Human Flow: Ai Weiwei Paints Harrowing Portrait in Beautifully Shot Refugee Documentary
Putting a human face to one of the largest migration crisis since WWII, Human Flow comes from the heart of one of China’s best-known visual artists and rebellious political activist, Ai Weiwei who – through the use of visceral and heartbreaking images of resilience, indignity and despair – takes us on a journey into a world that continues to be ignored, shelved or forgotten by many.
Shot in 23 countries, this sprawling and uncompromising documentary has been compiled from over 900 hours of footage featuring the struggling journeys of millions of refugees who have been forced to leave their homes as a direct result of either war, famine or climate change. Stretching from the beaches of Greece to Berlin Tempelhof – a Nazi-era airport in Germany currently ‘home’ to over 3,000 refugees – to the overflowing camps in Iraq, the film covers a total of 40 refugee campsites throughout its 140-minute runtime, offering widespread insight into the ongoing struggles of people who have been stripped from their homes and dignity and humans who have been degraded and dehumanized in more ways than one as a result.
It’s a harrowing portrayal of one of the world’s worst man-made crisis and an ambitious feat for the director whose frequent use of aerial shots, portraying rivers of people marching onto an uncertain future, resembling something you might see on a National Geographic program but, instead of seeing hordes of animals seeking new pastures, streams of men, women and children come into focus. The comparison is nothing short of distressing and most significantly, applicable. The director himself, a man who can relate to their struggles, having been a refugee himself, also makes several appearances throughout the film and if he is not making small-talk with a group of girls in Gaza or interviewing Princes Dana of Jordan, he can be seen swapping passports with a Syrian asylum seeker. He is observant, lovable and caring and regardless of the temptation, he never makes the story about anyone else than his subjects.
Introducing the different chapters of the story with the lines of famous writers and Buddhist scriptures, Human Flow is intricate and intimate in its depiction.
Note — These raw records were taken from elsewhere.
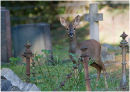 Young Roe deer in churchyard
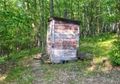 Sepetak Toilet di Tengah Hutan Ini Akan Membuat Anda Kagum Setelah Melihat Bagian Dalamnya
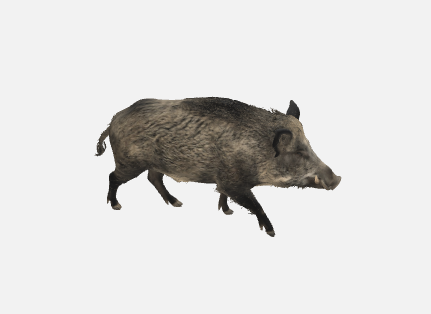 Wild Boar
Serving as an expansive and beautifully put-together montage, rather than a standard talking-heads documentary – an aspect of the film which will unfortunately test some viewers who might be looking for central characters – the director relies mostly on his silent and visually sweeping imagery to tell their story.
With a total of twelve cinematographers on board – including the acclaimed visionary, Christopher Doyle – Human Flow’s visual and storytelling beauty is sorrowful and arresting and it successfully manages to capture the sheer magnitude of the problem at hand; a universal crisis which is constantly failing to come to a resolution and a terrible predicament no one seems to be taking responsibility for.